"Again, Mummy!" – Women's Running

“Again, Mummy!”

Author: Women's Running Magazine

Read Time:   |  December 15, 2016


Again Mummy Claire chamberlain

“Mummy, hold this,” my three-year-old demanded the other day.

“OK,” I replied absentmindedly, holding my hand out as I simultaneously tried to wrestle the baby into her shoes. “What is it?”

“A bogey,” he replied, wiping it into my upturned palm and trotting off happily down the hallway.


Here’s the thing about small children. They are demanding. Never mind the basics (bottoms wiped, nappies changed, meals cooked, clothes washed, baths run, stories read, cuddles granted, grazed knees kissed). There is so much more. From getting you to find/carry/pick up/hold all manner of items (bogeys included), to absolutely having to have something RIGHT NOW MUMMY, to demanding “Look at me! Look, Mummy. Look, look LOOK” approximately every 37 seconds throughout the day, your full attention is always required.

Which is why I find running so cathartic. Because three times a week, it is my little slice of selfish, solitary, soul-lifting me time. Even if it also happens to be lung-busting and leg-burning, it is wonderful. Because a trail path doesn’t demand anything of me (except, perhaps, that I look down every once in a while, so I don’t go soaring arse-over-tit over a tree root).

I’m making it my mission that the actual running I do stays that way. But here’s the thing: I have recently entered a 10K race. And not just any 10K race. This is an off-road, mega-hilly trail race.

Basically, if I don’t start doing some strength work pronto, I’m going to be f*cked.

So, because there are simply not enough hours in the day for me to keep two children alive and happy, write, run and attempt to hold a plank position for longer than 45 seconds (bloody hard, isn’t it?), the strength work has had to be incorporated into playtime with the children. Hence, once a day, you will find me looking ridiculous, trying to do press-ups without collapsing, while simultaneously imitating the voice of Buzz Lightyear, who is having a tea party with Woody the cowboy, Frozen’s Olaf and a cuddly rabbit.

At first, I decided I wouldn’t mention it to the kids. I naively thought I could sneak 10 minutes of strength work in unnoticed while they played.

They noticed.

And now, strength work has become something of a family affair.

But you know what? I actually don’t hate it this way.

My children have brought a playfulness – a lighthearted, excitable joy – to something I otherwise would have just assumed was simply hard work; something to get over and done with.

Of course, their ‘help’ does not make the task in hand any easier, in the same way that their ‘help’ unloading the dishwasher (good plates were lost) or hanging up washing does not make these tasks easier, either.

Children rarely make simple tasks easier. But sometimes they do make them more fun.

I mean, have you ever noticed how the plank makes you kind of look like you’re about to give a horsey ride? No? Well my son did.

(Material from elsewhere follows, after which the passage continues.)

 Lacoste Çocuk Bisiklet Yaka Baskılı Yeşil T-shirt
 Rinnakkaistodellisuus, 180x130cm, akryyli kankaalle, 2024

Or that when you’re doing sit-ups, you’re also perfectly placed for a 16-month-old to clamber aboard, grab your hands and demand a rendition of ‘Row Row Row Your Boat’?

My daughter also makes squats more fun, by insisting she pokes her head through my legs every time I stand up, turning it into an impromptu game of peekaboo (a new habit of hers – and one that she recently timed rather disastrously, when she poked her head through my husband’s legs while he was in the bathroom and he peed on her head).

Of course, with the smiles and laughter, those demands creep back in once more.

“Again, Mummy, again! Be the horse again!”

I suppose even though their help makes my workouts that much harder, they are also making me that much stronger. I’m hoping that this, coupled with my three runs a week (which are slowly getting steadier and just that little bit longer) will see me get round my upcoming 10K course without falling to pieces. I’m not aiming to be fast (hell, there’s no way I’ll be fast – I’ve seen the course profile); I’m just hoping to get round with my dignity and core muscles in tact.

And when I hit those mega-hard hills, it will be thoughts of horsey rides that will get me through.

Because, after all, my children helped me train.